WORK INSTRUCTIONS. In the listing below, find the line with "this 845×633 image." and copy every line from there up to and including the line with "this 640×428 image.", exactly and without pictures.

MATERIAL PROVIDED.
----

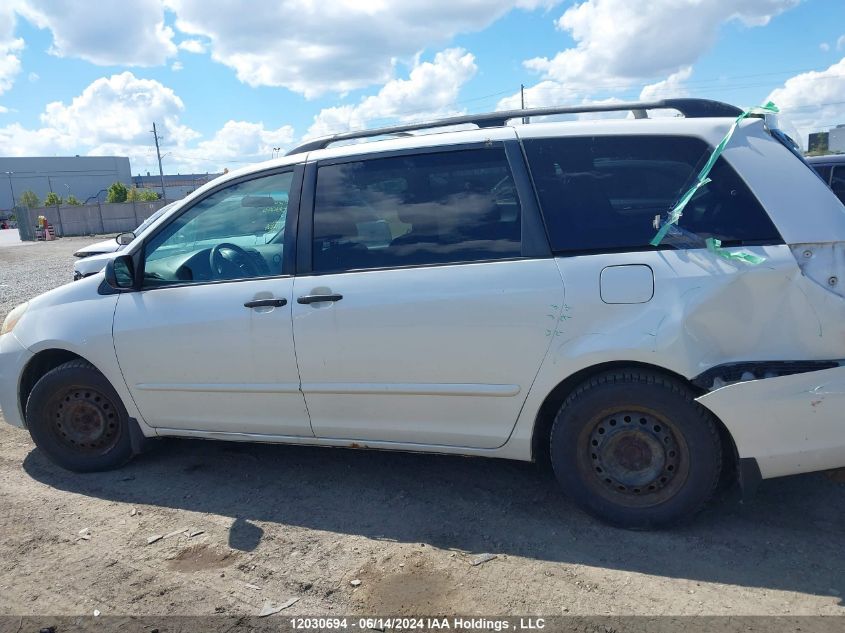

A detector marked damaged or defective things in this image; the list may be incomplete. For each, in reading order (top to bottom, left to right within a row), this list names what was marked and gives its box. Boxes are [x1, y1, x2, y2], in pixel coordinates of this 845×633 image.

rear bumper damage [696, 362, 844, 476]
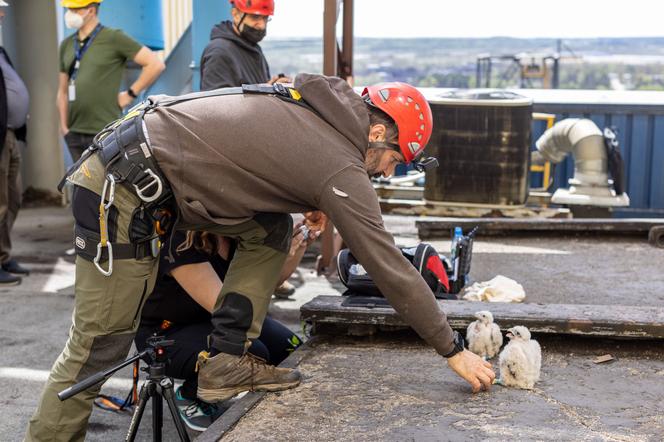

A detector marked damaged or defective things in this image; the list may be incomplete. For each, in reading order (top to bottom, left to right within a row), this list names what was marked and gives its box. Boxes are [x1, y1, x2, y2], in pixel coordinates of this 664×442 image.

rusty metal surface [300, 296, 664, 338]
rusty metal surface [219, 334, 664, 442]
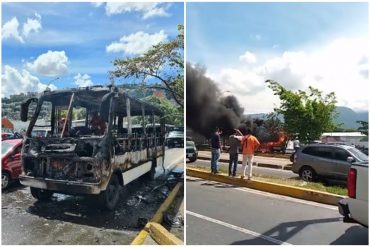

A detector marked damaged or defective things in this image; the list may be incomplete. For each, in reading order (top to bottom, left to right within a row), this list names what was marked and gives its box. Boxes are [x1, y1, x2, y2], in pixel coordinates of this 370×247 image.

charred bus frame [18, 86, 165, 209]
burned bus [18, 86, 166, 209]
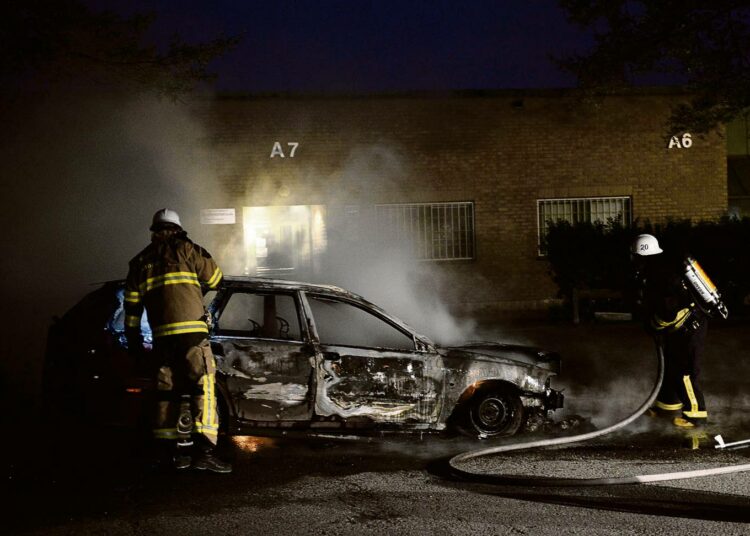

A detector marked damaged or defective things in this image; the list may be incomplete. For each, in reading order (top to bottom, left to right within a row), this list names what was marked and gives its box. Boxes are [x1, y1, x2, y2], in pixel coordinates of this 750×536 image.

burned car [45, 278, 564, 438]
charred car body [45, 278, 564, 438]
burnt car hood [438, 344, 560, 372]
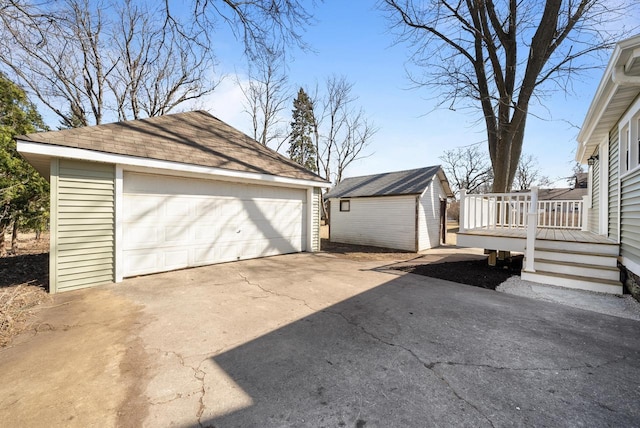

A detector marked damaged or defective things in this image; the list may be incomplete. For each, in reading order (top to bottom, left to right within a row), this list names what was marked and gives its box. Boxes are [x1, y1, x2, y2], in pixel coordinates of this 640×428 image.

----

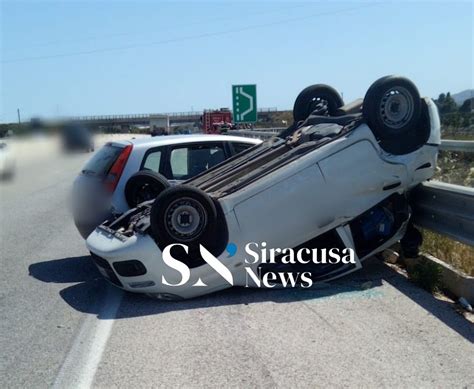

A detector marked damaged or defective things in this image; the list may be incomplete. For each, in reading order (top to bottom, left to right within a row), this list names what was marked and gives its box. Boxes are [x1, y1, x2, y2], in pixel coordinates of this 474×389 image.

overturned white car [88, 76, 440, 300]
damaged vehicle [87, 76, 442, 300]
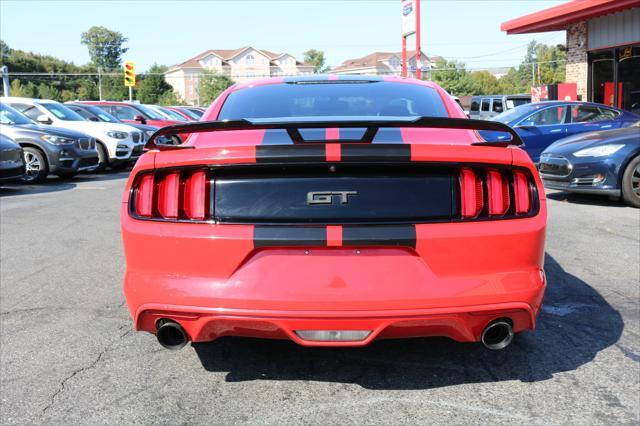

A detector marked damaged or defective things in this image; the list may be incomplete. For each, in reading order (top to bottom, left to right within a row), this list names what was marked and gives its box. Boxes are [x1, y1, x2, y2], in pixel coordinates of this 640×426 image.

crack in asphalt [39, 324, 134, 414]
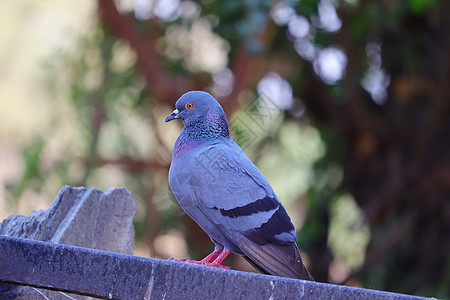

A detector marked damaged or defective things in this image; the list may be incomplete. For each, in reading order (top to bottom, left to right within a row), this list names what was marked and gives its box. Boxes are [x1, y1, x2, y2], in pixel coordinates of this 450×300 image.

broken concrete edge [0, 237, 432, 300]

----

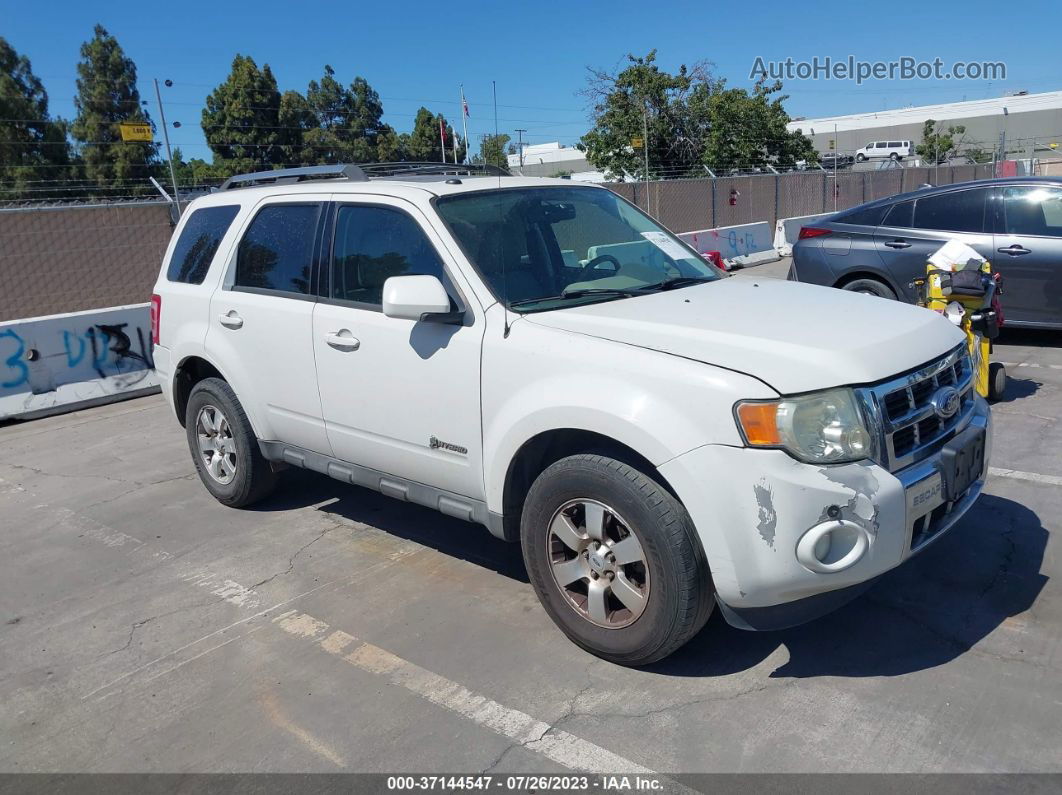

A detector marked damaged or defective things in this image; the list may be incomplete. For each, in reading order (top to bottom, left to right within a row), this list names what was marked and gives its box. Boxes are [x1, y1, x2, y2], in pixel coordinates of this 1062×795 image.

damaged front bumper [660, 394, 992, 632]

----

WRITTEN ANSWER.
A detector marked damaged or defective things in this image; the list may be incomplete. For each, in reading order (top to bottom, left to right within a row), this list names what was marked and gives its box. Boxes are [x1, y1, x2, y2], in pixel coordinates of this 845×633 image.

rear bumper damage [696, 362, 844, 476]

A detector marked damaged or defective things in this image; the list may be incomplete. For each, in reading order (top to bottom, left to right within a row), this list names what was marked and gives its box. Boxes are [x1, y1, x2, y2], in pixel coordinates of this 664×442 image.

rusty metal surface [300, 296, 664, 338]
rusty metal surface [219, 334, 664, 442]

A detector marked damaged or defective things in this image; the list may be incomplete. For each, in reading order (top to bottom, left to right within a row), this list names what was marked and gives its box. Boxes are [x1, y1, x2, y2], in pixel coordinates of this 370×247 image.

charred bus frame [18, 86, 165, 209]
burned bus [18, 86, 166, 209]

A detector marked damaged or defective things in this image; the list may be incomplete. For each, in reading order (top to bottom, left to right within a row), this list names what was marked and gives its box. Boxes are [x1, y1, x2, y2], in pixel coordinates of this 750×536 image.

burned car [45, 278, 564, 438]
charred car body [45, 278, 564, 438]
burnt car hood [438, 344, 560, 372]

A detector marked damaged or defective things in this image; the list may be incomplete. For each, in reading order (top to bottom, left to right within a row), this list names what was marked and gives its box. Boxes are [x1, y1, x2, y2], in pixel coordinates of this 640×428 image.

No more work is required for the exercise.